One of our large customer, whose mail servers are hosted on a VMWare infrastructure, recently performed some maintenance on their shared storage infrastructure and on the VMWare platform. After this activity, It was found that except for the core mail server, all other servers booted up fine. The core mail server was exhibiting a problem related to binding the IP address to the Ethernet interface and would discontinue the boot. At one hand this call was escalated to the VMware support desk for their inputs on this. On the other hand, when this call landed on Mithi’s Level 1 team, they got busy trying to boot the server from the single user mode by eliminating services from the boot stack one at a time. While the Level 1 team is working with the Level 2 and Level 3 teams to try and get the mail server booted up (Plan A), and after a certain time has elapsed with no success, its time to kick in Plan B, in which we would rebuild the mail server on a fresh VM from the latest backup.

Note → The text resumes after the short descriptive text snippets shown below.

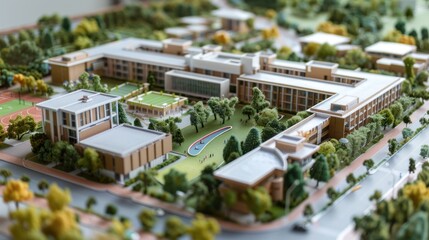 Obraz premium Generate a photo realistic image of a maquette depicting an educational facility, including classrooms, laboratories, and recreational areas; ensure the image is of high resolution 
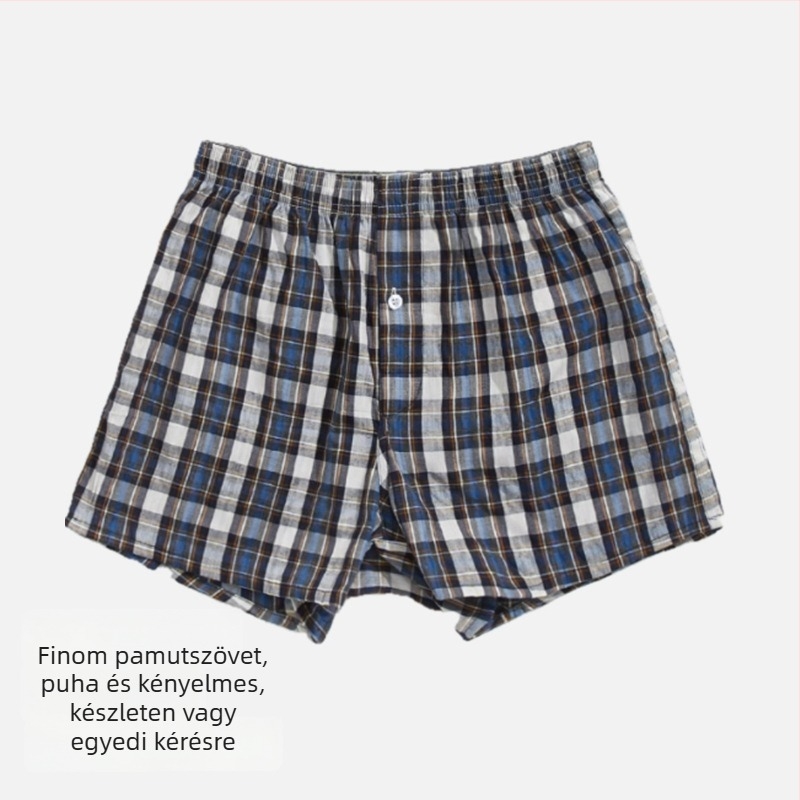 Férfi pamut rövidnadrág csíkos és kockás mintával, középmagas derék, háromnegyedes hossz, gyorsan szárad és lélegző
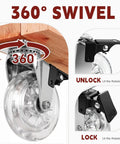 Set Of 4 Heavy Duty 4 Inch Transparent Polyurethane Swivel Casters With Lock Brake Quiet 360 Spin Rolls Like Butter On Hard Surfaces showing 360° swivel mechanism with clear caster.
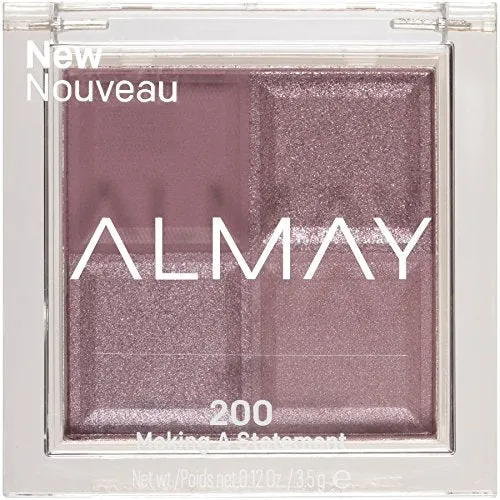 Eyeshadow Palette by Almay, Longlasting Eye Makeup, Single Shade Eye Color in Matte, Metallic, Satin and Glitter Finish, Hypoallergenic, 200 Making A Statement, 0.1 Oz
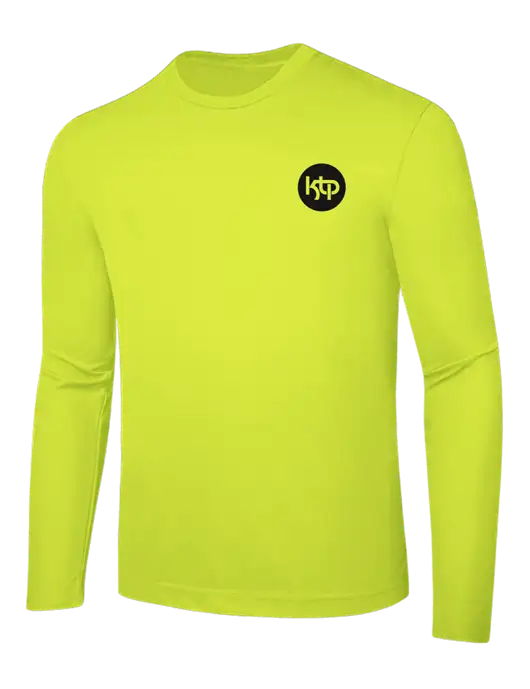 Long Sleeve Safety Yellow PosiCharge Competitor Tee w/KTP Logo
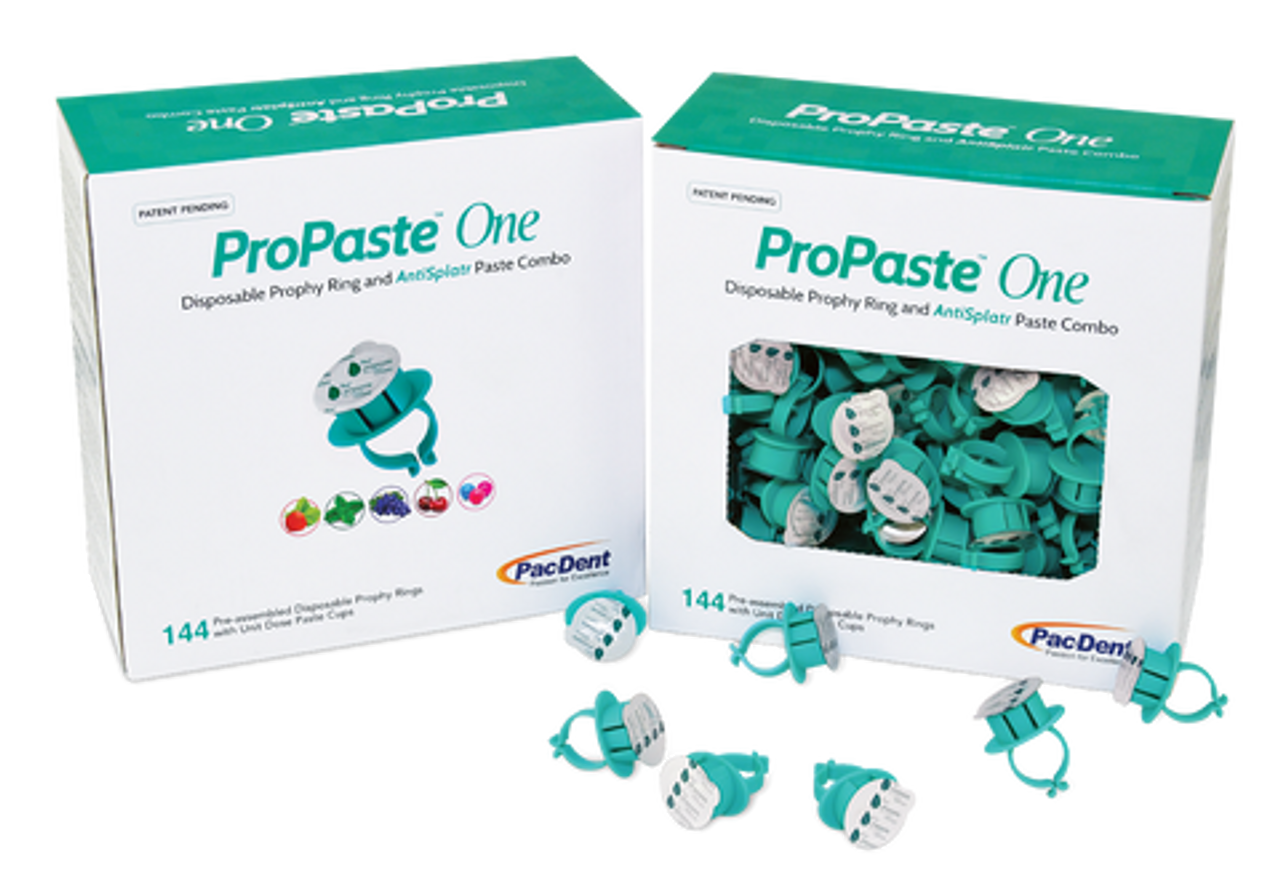 Pac-Dent ProPaste One Pre-Assembled Prophy Paste Ring Combo, Mint, Coarse Grit, 144/Box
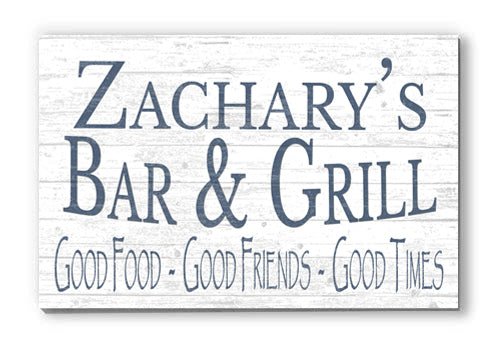 Custom Bar and Grill Sign Personalized Man Cave or Barbecue Decoration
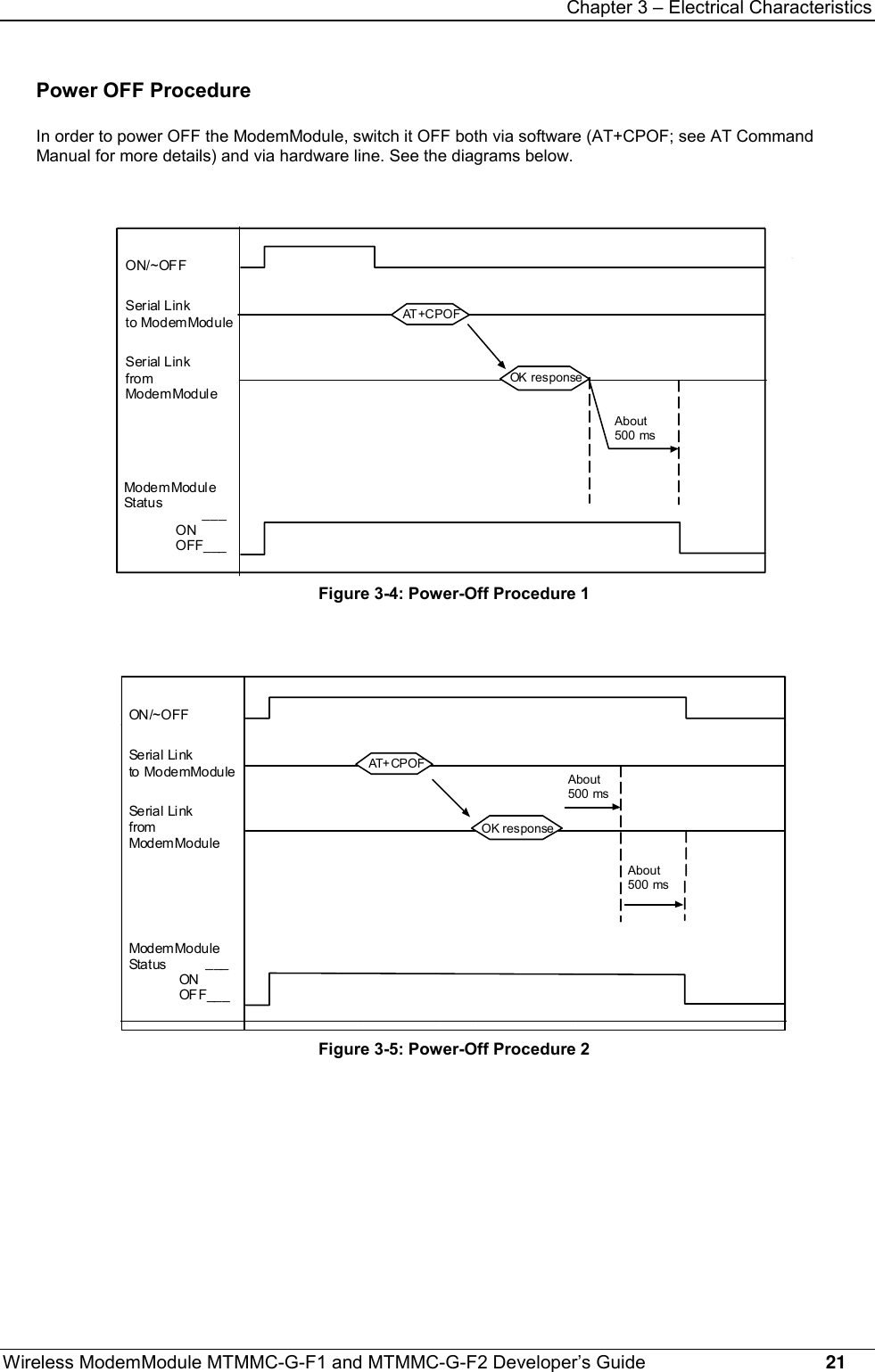 Chapter 3 – Electrical CharacteristicsWireless ModemModule MTMMC-G-F1 and MTMMC-G-F2 Developer’s Guide     21Power OFF ProcedureIn order to power OFF the ModemModule, switch it OFF both via software (AT+CPOF; see AT CommandManual for more details) and via hardware line. See the diagrams below.ON/~OFFAT +C P O FSerial Linkto ModemModuleOK res p o nseSerial LinkfromModem ModuleAbout500 msMo de m Mod ul eStat u s        ___ONOFF___Figure 3-4: Power-Off Procedure 1ON /~ O FFAT+ CP O FSeria l Li nkto ModemModuleOK responseSeria l Li nkfromModemModule       ___ONOF F__ _About500 msModemModuleStat usAbout500 msFigure 3-5: Power-Off Procedure 2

For this the coordinator of the activity from Mithi, aligns the reconfiguration or deployment team to work on Plan B parallely.
For the teams who are locked into action on Plan A, it is difficult for them think of or work on an alternative plan. In fact they are likely to get deeper and deeper into troubleshooting the track they are holding and keep feeling that they are nearing a solution.
While handling emergencies, its important for one person or a separate team to observe the proceedings and ensure that the work on Plan B kicks in on fixed schedule. Plan B could well be an alternative troubleshooting track or a fall back to the DR plan.
This coordinator’s job is to ensure results, which is in terms of increased up time for the customer.
So here are some suggestions on how to handle emergencies in a structured fashion
- First call is received by Level 1, who does basic diagnosis to revive the service/system, sometimes even resorting to a reboot if necessary.
- If unable to resolve using basic diagnosis or if a predefined time interval has elapsed without a solution then Level 1 team now escalates to Level 2 team for advanced diagnostics.
- Level 2 team may involve Level 3 team after the advanced diagnostics are done or if another predefined time interval has elapsed without a solution . At this stage the Service Delivery Manager also is alerted.
- Service Delivery Manager (SDM) takes stock of the situation, and evolves/refers to Plan B.
- SDM aligns a separate team to work on Plan B, which is typically a recourse to a DR plan (on site or off site)
- SDM now monitors the functioning of teams on both plans
Do you have a Plan B, C, D for the upkeep of your collaboration infrastructure?
It is a good practice to have a DR Strategy for your mail server setup, which could range from a simple server/site rebuild document, to an on site hot standby server or High availability configuration for your servers to a complete DR site.
It is also a good practice to perform DR drills at periodic intervals, which will ensure that you have all the necessary tools and documents ready, if and when ever needed.
P.S. At the time of publishing this, the Mithi teams and HCL team (FMs on site) have successfully brought the mail server back online using Plan B and a lot of collaboration through the night. Well done guys !!!